Task requirements: The records that follow are to be given again exactly. Do not carry over any image.

*** Opening of Data for processing ***

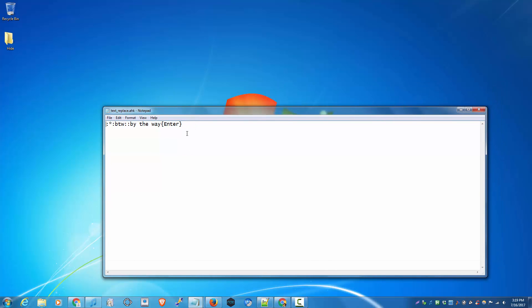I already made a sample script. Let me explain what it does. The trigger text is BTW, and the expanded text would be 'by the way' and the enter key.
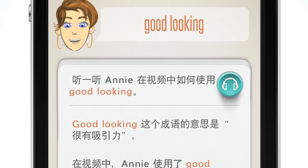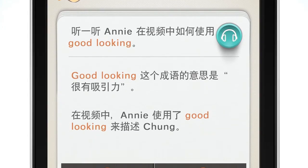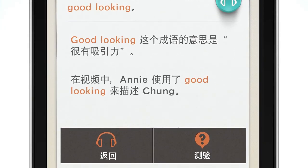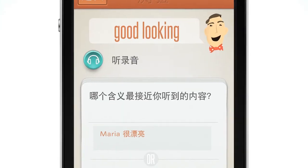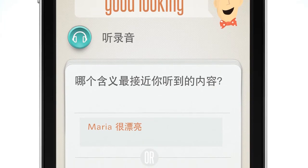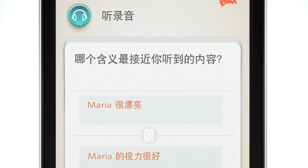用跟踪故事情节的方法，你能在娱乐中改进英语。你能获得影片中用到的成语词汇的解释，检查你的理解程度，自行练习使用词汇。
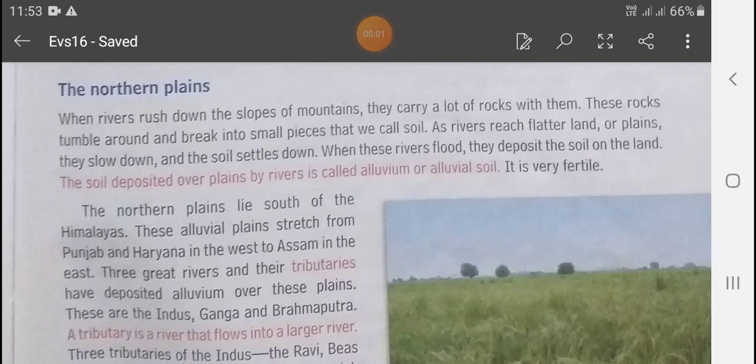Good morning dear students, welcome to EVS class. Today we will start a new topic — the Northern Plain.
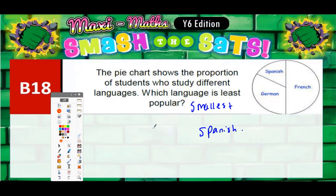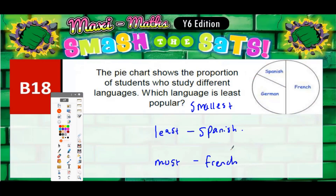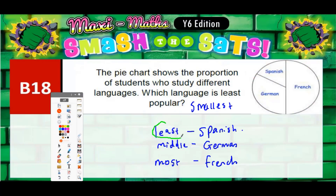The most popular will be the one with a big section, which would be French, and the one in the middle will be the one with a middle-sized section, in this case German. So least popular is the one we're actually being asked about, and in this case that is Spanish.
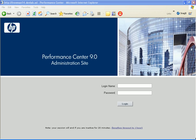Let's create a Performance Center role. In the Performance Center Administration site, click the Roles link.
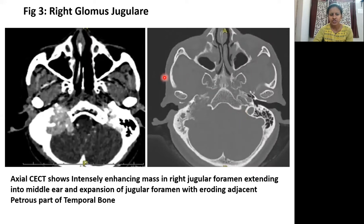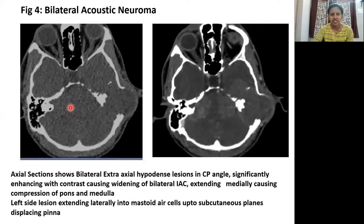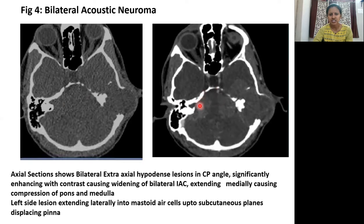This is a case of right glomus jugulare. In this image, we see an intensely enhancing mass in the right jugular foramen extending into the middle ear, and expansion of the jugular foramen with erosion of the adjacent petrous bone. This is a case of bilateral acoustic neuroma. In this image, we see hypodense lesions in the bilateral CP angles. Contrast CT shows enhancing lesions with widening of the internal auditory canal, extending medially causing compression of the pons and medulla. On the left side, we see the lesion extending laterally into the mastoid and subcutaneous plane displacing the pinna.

*** Close of Data for processing ***

Result below:
I already made a sample script. Let me explain what it does. The trigger text is BTW, and the expanded text would be 'by the way' and the enter key.
用跟踪故事情节的方法，你能在娱乐中改进英语。你能获得影片中用到的成语词汇的解释，检查你的理解程度，自行练习使用词汇。
Good morning dear students, welcome to EVS class. Today we will start a new topic — the Northern Plain.
The most popular will be the one with a big section, which would be French, and the one in the middle will be the one with a middle-sized section, in this case German. So least popular is the one we're actually being asked about, and in this case that is Spanish.
Let's create a Performance Center role. In the Performance Center Administration site, click the Roles link.
This is a case of right glomus jugulare. In this image, we see an intensely enhancing mass in the right jugular foramen extending into the middle ear, and expansion of the jugular foramen with erosion of the adjacent petrous bone. This is a case of bilateral acoustic neuroma. In this image, we see hypodense lesions in the bilateral CP angles. Contrast CT shows enhancing lesions with widening of the internal auditory canal, extending medially causing compression of the pons and medulla. On the left side, we see the lesion extending laterally into the mastoid and subcutaneous plane displacing the pinna.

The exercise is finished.